EXERCISE INSTRUCTIONS
Each line below is to be copied out exactly, and none may be omitted.

AVAILABLE DATA
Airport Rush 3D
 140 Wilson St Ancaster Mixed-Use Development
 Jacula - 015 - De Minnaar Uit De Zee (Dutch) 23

WRITTEN ANSWER
Airport Rush 3D
 140 Wilson St Ancaster Mixed-Use Development
 Jacula - 015 - De Minnaar Uit De Zee (Dutch) 23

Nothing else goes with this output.